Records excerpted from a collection
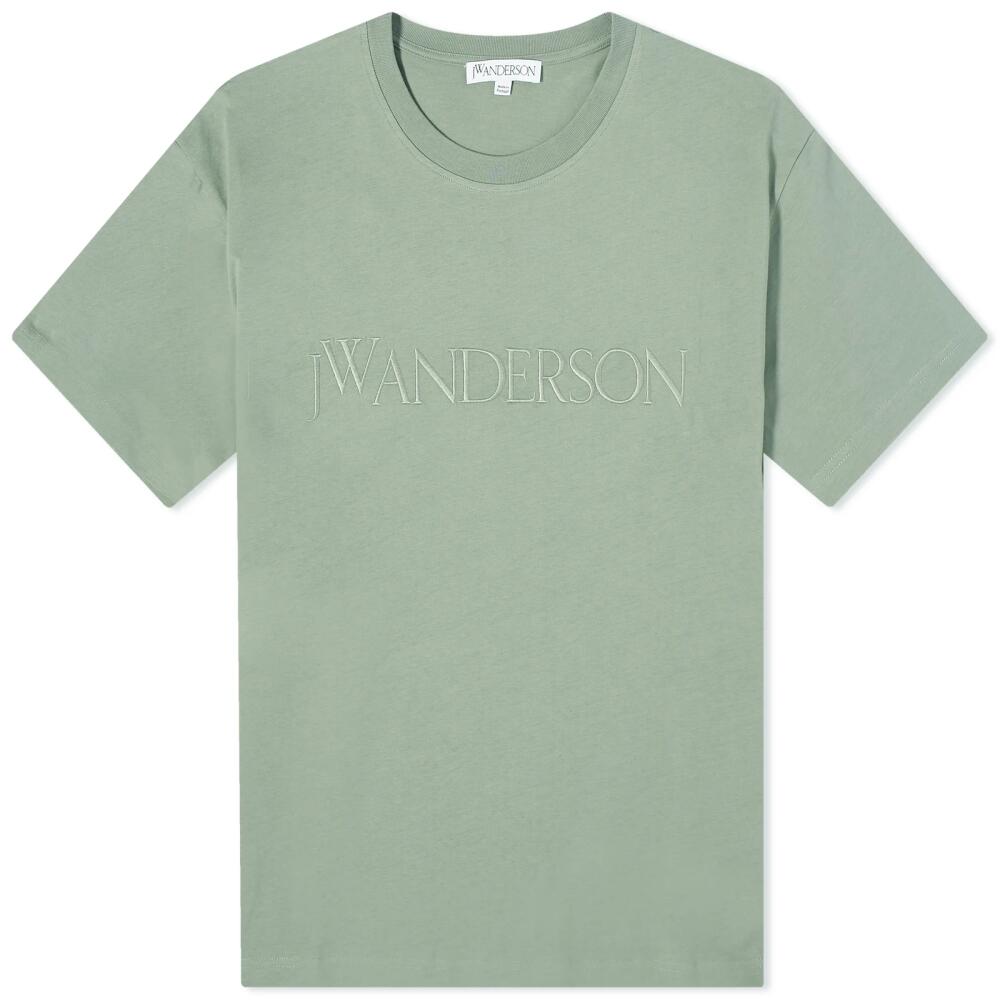 JW Anderson Men's Logo Embroidery T-Shirt in Green Cover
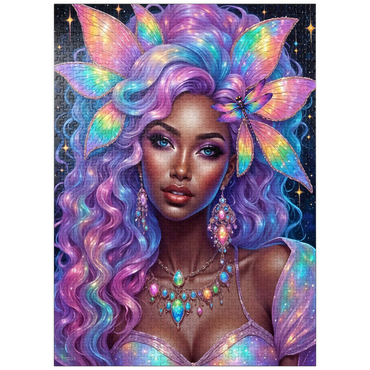 puzzleplate Celestial Goddess with Rainbow Hair and Cosmic Jewelry 1000 Jigsaw Puzzle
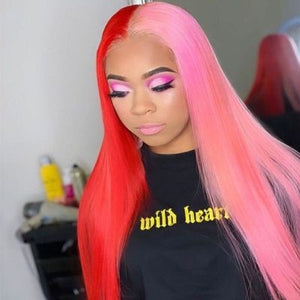 Pink and Red Lace Front Wig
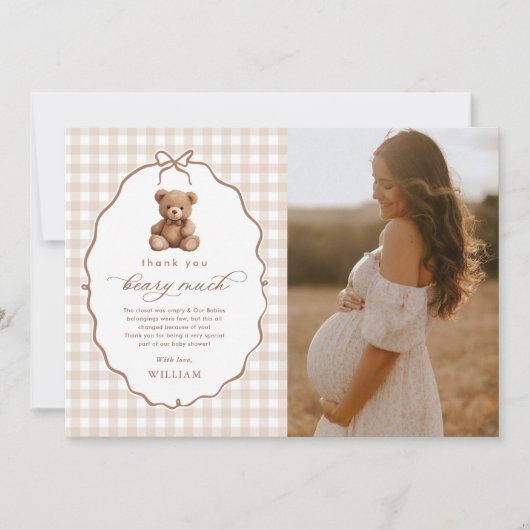 Neutral Gingham Teddy Bear Baby shower Foto Bedankkaart (Voorkant)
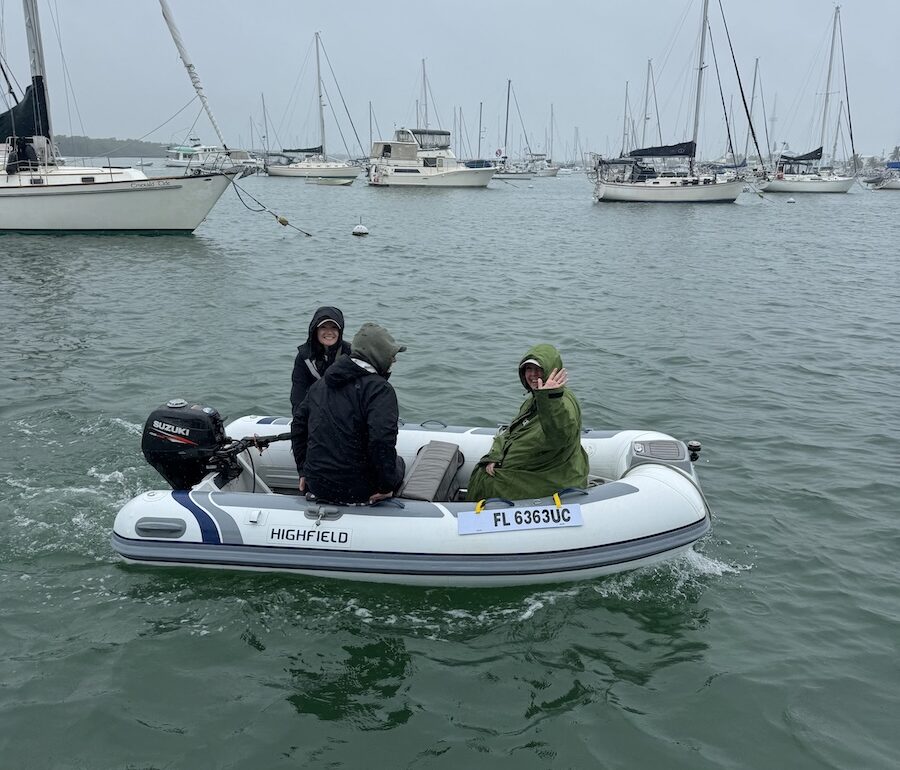 Braving the cold, rainy weather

- [WORK TASK] Print each record exactly as it stands, leaving the images out.

- [WRITTEN SOLUTION]
 JW Anderson Men's Logo Embroidery T-Shirt in Green Cover
 puzzleplate Celestial Goddess with Rainbow Hair and Cosmic Jewelry 1000 Jigsaw Puzzle
 Pink and Red Lace Front Wig
 Neutral Gingham Teddy Bear Baby shower Foto Bedankkaart (Voorkant)
 Braving the cold, rainy weather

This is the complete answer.